:: What to do ::
Exact reproduction is required for the lines below starting at the line with "May include: Gold-toned" and ending at the line with "Angepasste Yamaha vmx", both included. No other lines, and no pictures.

:: Extracted data ::
'''

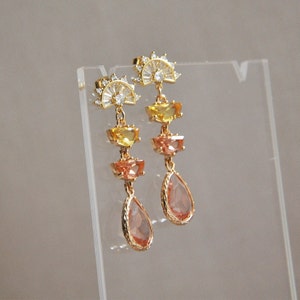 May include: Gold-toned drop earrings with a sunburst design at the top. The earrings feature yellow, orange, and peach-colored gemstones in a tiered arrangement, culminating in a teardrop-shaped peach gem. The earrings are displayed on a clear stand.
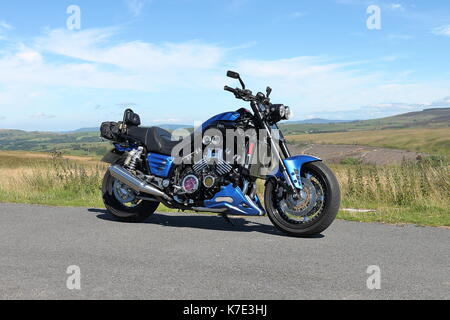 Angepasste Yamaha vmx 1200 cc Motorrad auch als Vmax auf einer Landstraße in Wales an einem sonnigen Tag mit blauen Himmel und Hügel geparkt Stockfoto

'''
'''

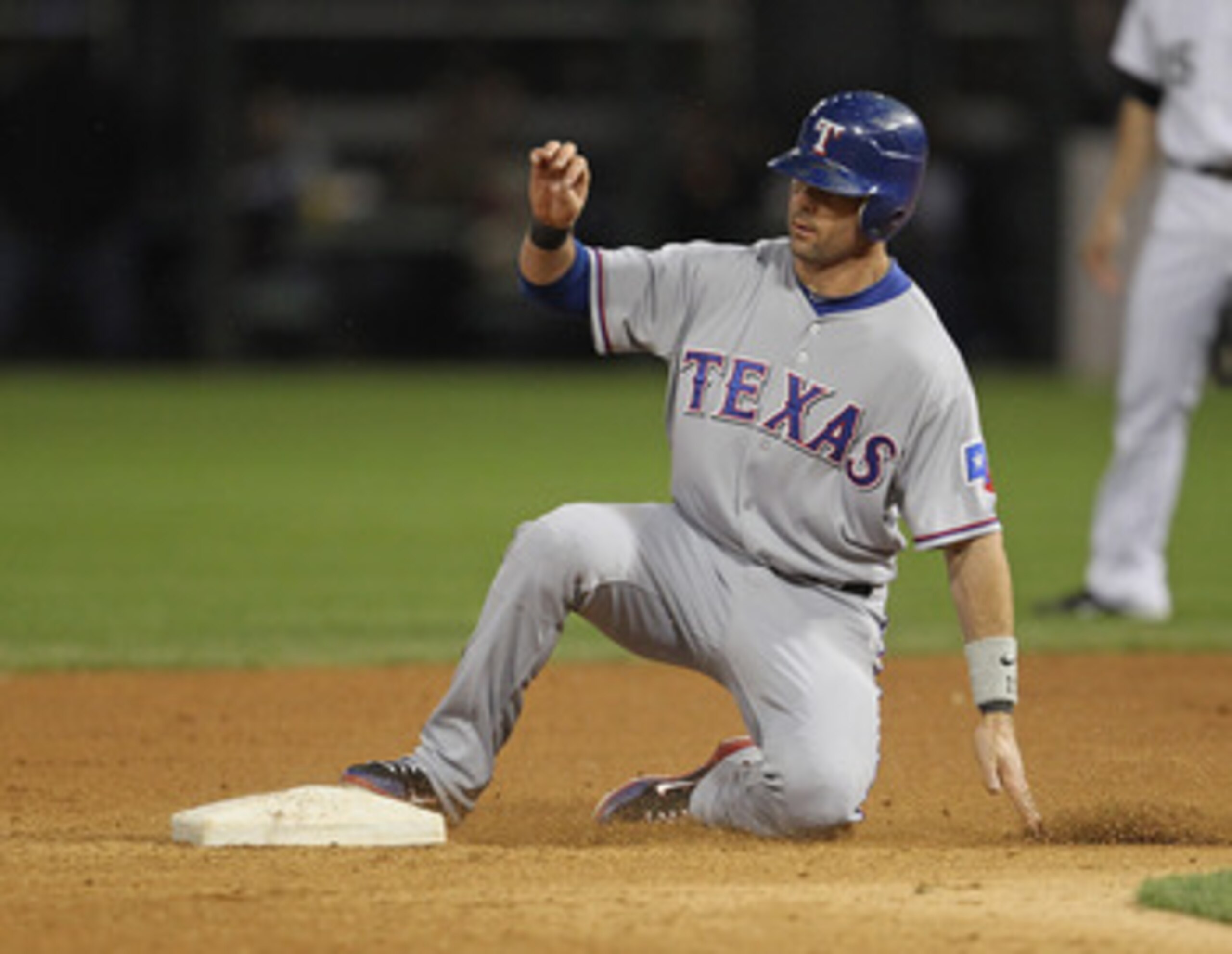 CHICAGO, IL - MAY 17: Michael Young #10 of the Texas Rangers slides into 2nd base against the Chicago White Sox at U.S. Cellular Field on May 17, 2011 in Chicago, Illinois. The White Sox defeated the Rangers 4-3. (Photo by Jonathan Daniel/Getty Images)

'''

:: Response area ::
 May include: Gold-toned drop earrings with a sunburst design at the top. The earrings feature yellow, orange, and peach-colored gemstones in a tiered arrangement, culminating in a teardrop-shaped peach gem. The earrings are displayed on a clear stand.
 Angepasste Yamaha vmx 1200 cc Motorrad auch als Vmax auf einer Landstraße in Wales an einem sonnigen Tag mit blauen Himmel und Hügel geparkt Stockfoto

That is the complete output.